**** Data excerpts ****

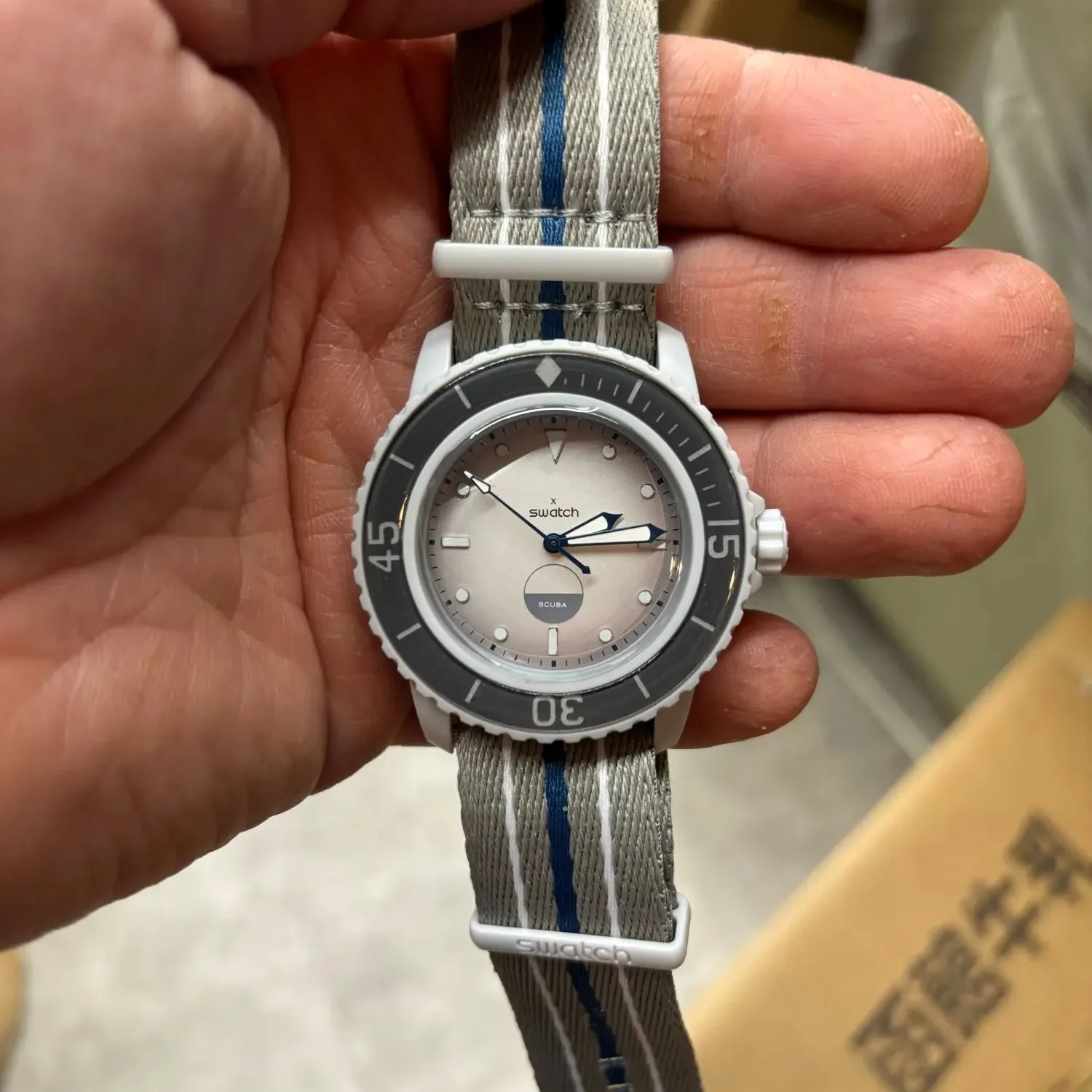 2025 فاخر أضيق الحدود الرجال ساعة يد رياضية موضة ساعة رجالي حزام نايلون ريترو التناظرية ساعات كوارتز تاريخ Reloj Hombre A +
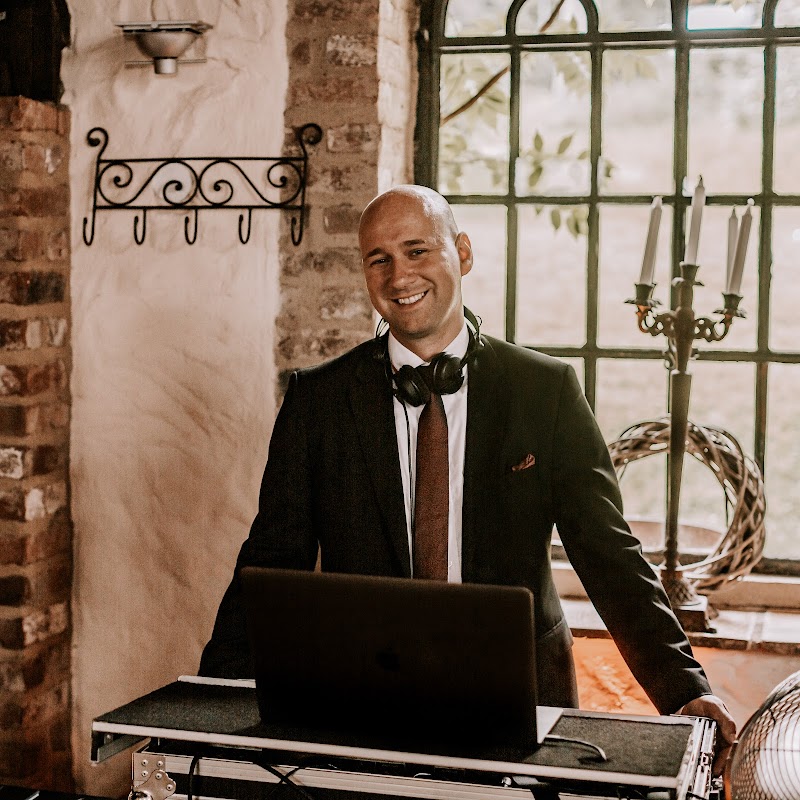 Alex Awesome - Hochzeit DJ Köln Event DJ NRW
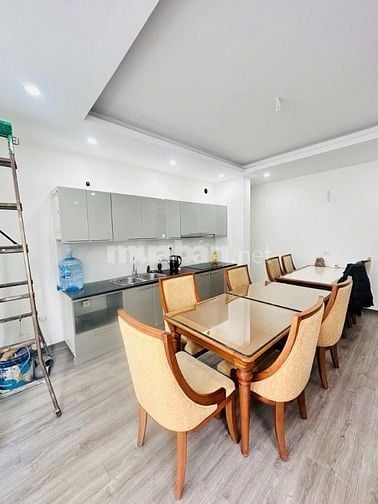  CHỈ HƠN 8 TỶ —  NHÀ PHỐ 47M² CHÍNH CHỦ NỞ HẬU -- CV Hòa Bình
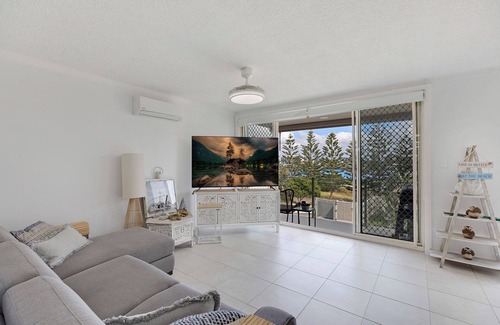 The Entrance North Apartment | Regency Court 3 - 2 Bedroom Unit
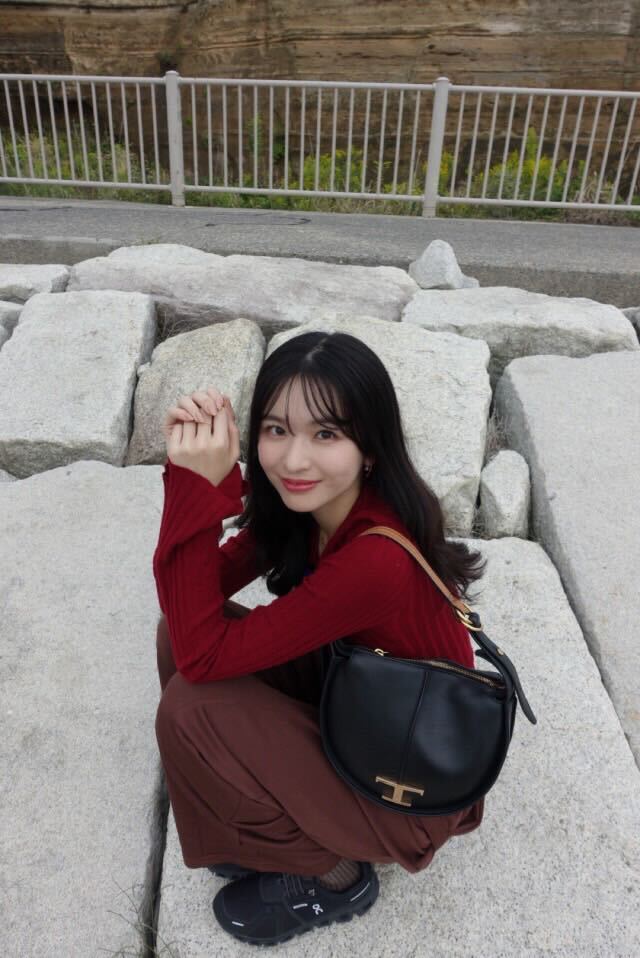 [ Influencer Recommend ]【即納】フロントカットアウトリブニットトップス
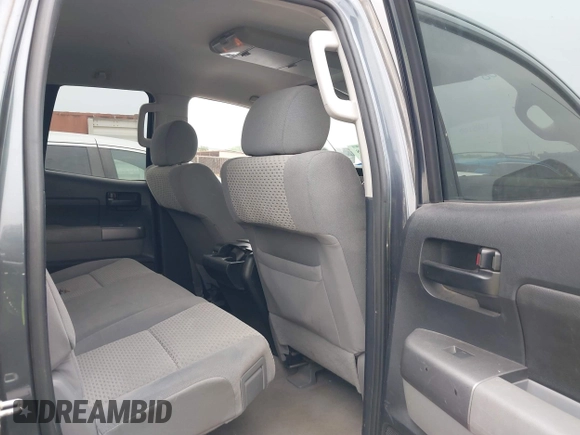 2010 Toyota Tundra z VIN 5TFUW5F10AX137509, wystawiony jako IAAI lot #42061138 z przebiegiem 139 128 mil mil oraz . Historia ofert i sprzedaży dostępna na DreamBid. Obrazek 8.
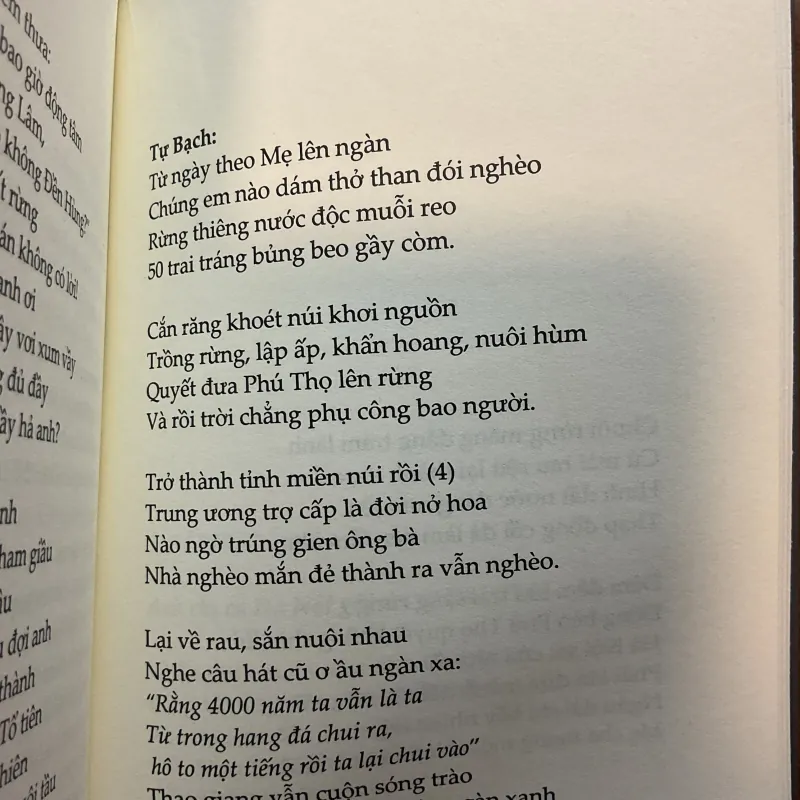 [THƠ] Khoảng lặng giữa trang văn - Nguyễn Trọng Tân 1035179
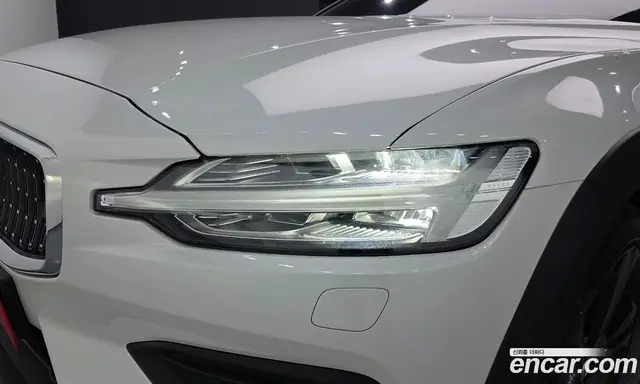 Volvo V60 2020 2.0 автомат (гидро), миниатюра 8 Volvo V60 2020 2.0 автомат (гидро), миниатюра 8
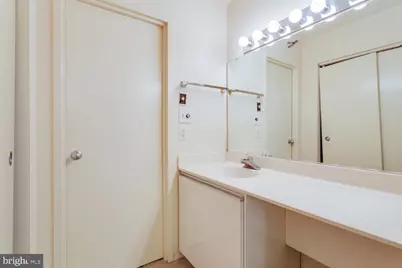 1808 Old Meadow Road #404, McLean, VA 22102 - Photo 12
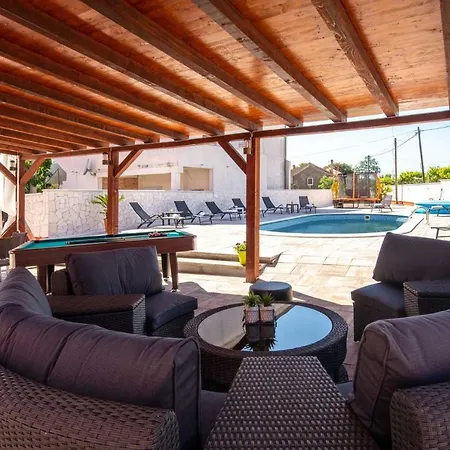 New! Luxurious Ancora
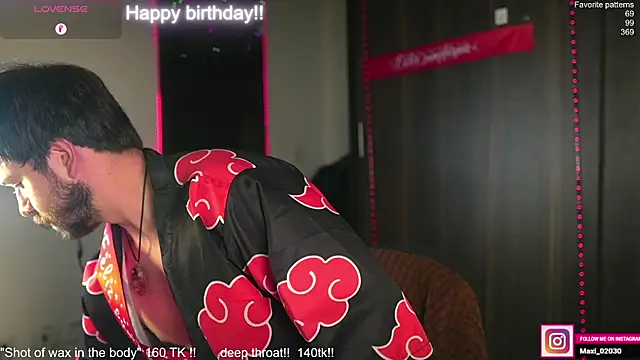 Snapshot of just_maxii chatting on December 2, 10:00 pm just maxii online show from December 2, 10:00 pm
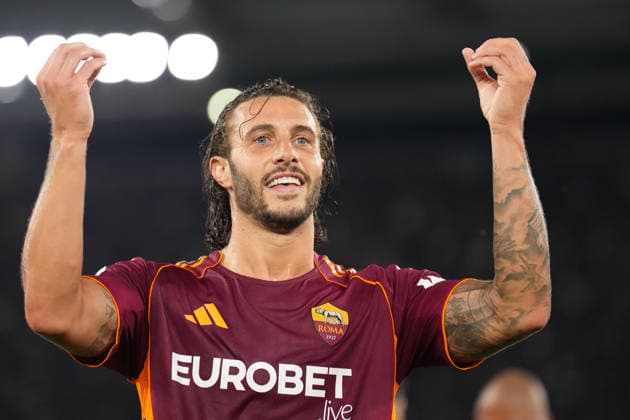 Roma™s Mario Hermoso celebrate after scoring during the Serie A EniLive soccer match between Roma and Fiorentina at the Rome s Olympic stadium, Italy - Monday May 4, 2026 - Soccer ( Photo by Alfredo Falcone LaPresse )  Copyright: xAlfredoxFalcone LaPressex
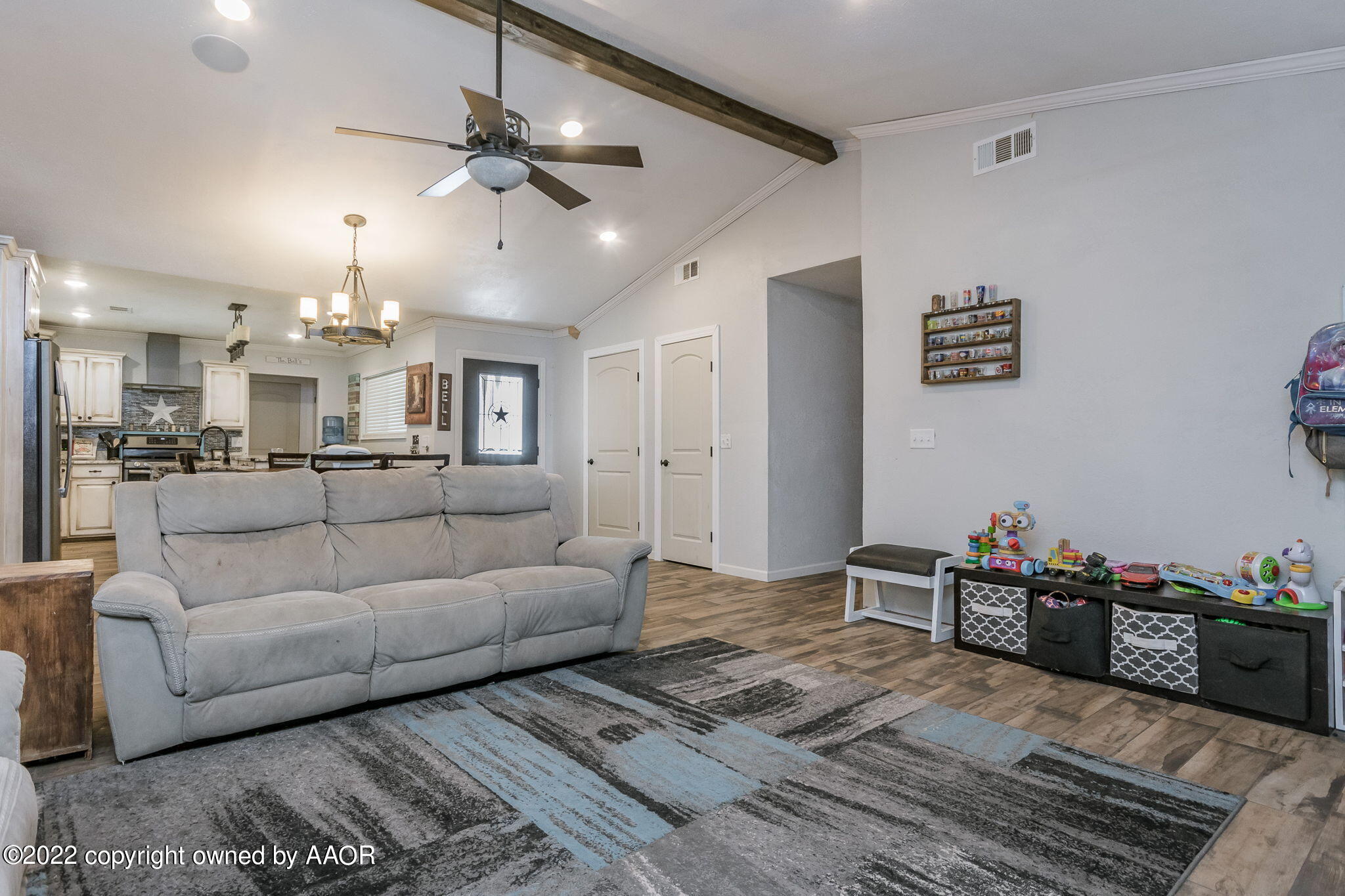 4801 Gary Lane Amarillo, TX 79110 - Photo 4 of 21 a living room with furniture and kitchen view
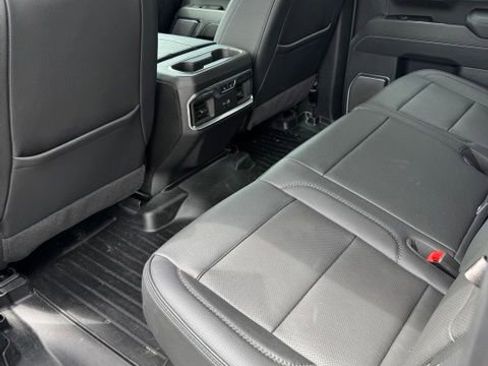 Used 2025 GMC Sierra 2500 Denali w/ Denali Reserve Package AWD/4WD image 4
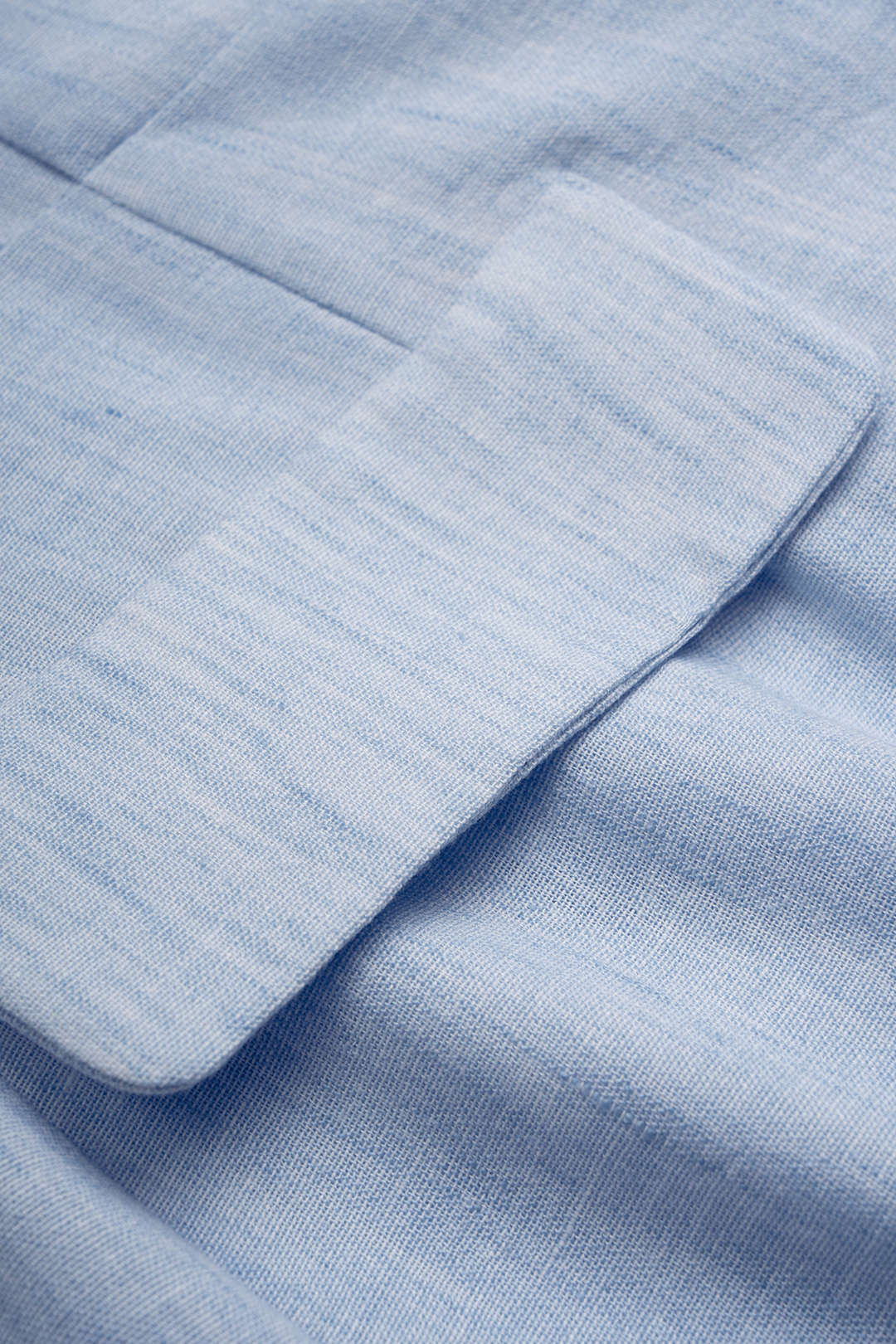 Asymmetrische mouwloze minijurk met reverskraag en V-hals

****

▶ **What is being asked**: Return all of the data exactly as written, and drop the pictures.

▶ **Result for this task**:
 2025 فاخر أضيق الحدود الرجال ساعة يد رياضية موضة ساعة رجالي حزام نايلون ريترو التناظرية ساعات كوارتز تاريخ Reloj Hombre A +
 Alex Awesome - Hochzeit DJ Köln Event DJ NRW
  CHỈ HƠN 8 TỶ —  NHÀ PHỐ 47M² CHÍNH CHỦ NỞ HẬU -- CV Hòa Bình
 The Entrance North Apartment | Regency Court 3 - 2 Bedroom Unit
 [ Influencer Recommend ]【即納】フロントカットアウトリブニットトップス
 2010 Toyota Tundra z VIN 5TFUW5F10AX137509, wystawiony jako IAAI lot #42061138 z przebiegiem 139 128 mil mil oraz . Historia ofert i sprzedaży dostępna na DreamBid. Obrazek 8.
 [THƠ] Khoảng lặng giữa trang văn - Nguyễn Trọng Tân 1035179
 Volvo V60 2020 2.0 автомат (гидро), миниатюра 8 Volvo V60 2020 2.0 автомат (гидро), миниатюра 8
 1808 Old Meadow Road #404, McLean, VA 22102 - Photo 12
 New! Luxurious Ancora
 Snapshot of just_maxii chatting on December 2, 10:00 pm just maxii online show from December 2, 10:00 pm
 Roma™s Mario Hermoso celebrate after scoring during the Serie A EniLive soccer match between Roma and Fiorentina at the Rome s Olympic stadium, Italy - Monday May 4, 2026 - Soccer ( Photo by Alfredo Falcone LaPresse )  Copyright: xAlfredoxFalcone LaPressex
 4801 Gary Lane Amarillo, TX 79110 - Photo 4 of 21 a living room with furniture and kitchen view
 Used 2025 GMC Sierra 2500 Denali w/ Denali Reserve Package AWD/4WD image 4
 Asymmetrische mouwloze minijurk met reverskraag en V-hals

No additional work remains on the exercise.